Arguments and conflict are part of the territory of being in a family. The trick is finding healthy ways to manage family squabbles and differences of opinion. If kids can learn to do this in the home they are likely to cope with conflict in a far better way outside the home.
Whatever you do the kids are likely to copy – whether it is good or bad. So shouting, smacking and getting fired up is not the way forward when children are squabbling or fighting amongst themselves.
Showing emotional strength, self-discipline and consistency are much more powerful ways to manage conflict and family arguments whether it is between siblings or you with the children and will yield far better results.
The old adages lose your temper and you have lost the fight is a good motto to recount to yourself and teach your children.
It is easy to jump to the same conclusion whenever a family argument starts.
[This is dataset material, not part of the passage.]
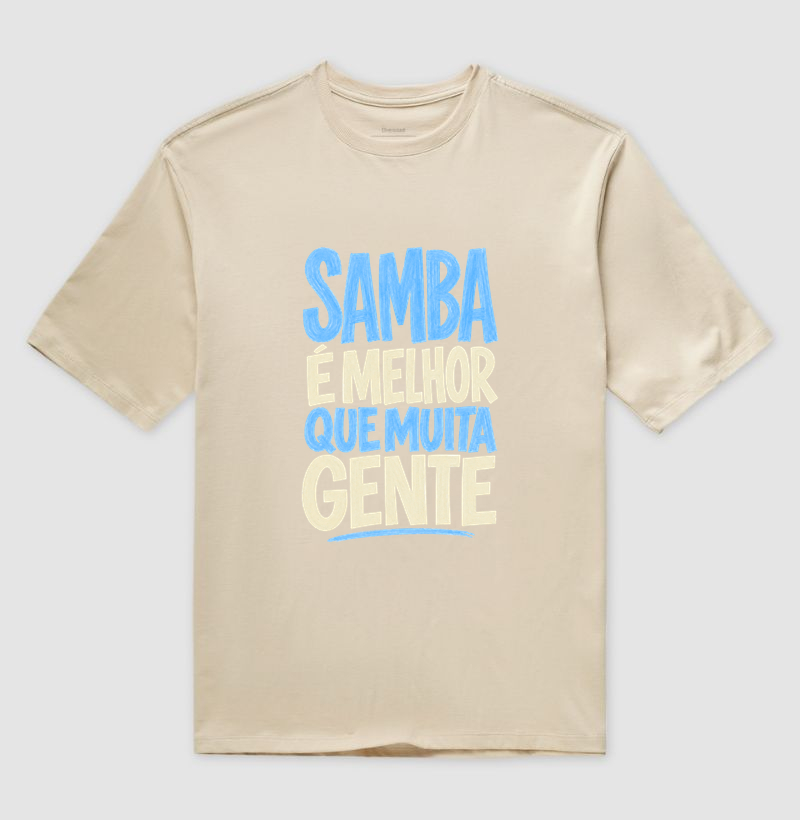 Samba é melhor que muita gente - Imagem 3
Whether it is amongst siblings over toys, TV or some other miscellaneous issue. And quite often the culprit may always be the same one.
However listening to their and others point of view may take the heat out of situation and lead to a better understanding of any underlying issues which prompted the family argument in the first place.
It may also be an excellent idea to hold regular family meetings where you can also take the opportunity to discuss the family arguments when everyone is less upset.
Children are masters at seeking attention
It is important to remember that sometimes bad behaviour that causes an family argument is to seek attention. Perhaps you do need to make time to sit and read a story, or play a game with your child.
That does not mean you do not need to chastise them for their bad behaviour. It just means you need to think whether your child may need a little more mum or dad time. And remember some children need more attention than others.
Hard on the issue soft on the person
Be soft on the child and hard on the issue. Criticise the behaviour not the child. For example if your child has thrown his toys (or insert your own object here), screaming “you naughty boy” at the top of your voice is criticising him. You need to specifically tell him off for throwing his toys. If you want to use the word naughty you need to re-frame it into this being “very naughty behaviour”.
Think before you speak
Remember you have two eyes, two ears and one mouth. Listen first and think before you speak. Don’t say anything in anger that you do not mean or is hurtful. Remember words are very powerful.
Ignore bad behaviour – when appropriate
When a family argument has been prompted by a child’s bad behaviour then it might seem alarming to ignore bad behaviour. Of course this has to be in the context of keeping a child that is playing up safe. If they are climbing onto the work surfaces next to a hot kettle, of course you need to take action.
But most kids (and adults), really hate being ignored. And consistently, ignoring or not reacting, to unreasonable behaviour, the caveat being when it is safe and not disturbing others, can be very effective in combating negative attention seeking behaviour.
The trick is then to reward and praise them when they do behave and acknowledge that you are proud of them doing that. It will also help if you acknowledge they may have had to sacrifice something which they deem is important, for example leaving the park or a friends house before they want to.
Try a star chart
If children are intent on squabbling amongst themselves, why not use a star chart. Incentivise the children to sort out their differences by rewarding them with a gold star each morning, afternoon or day that they do not argue or fight.
Even older kids who you may think are far too old for star charts may respond to this. Especially if there is an incentive.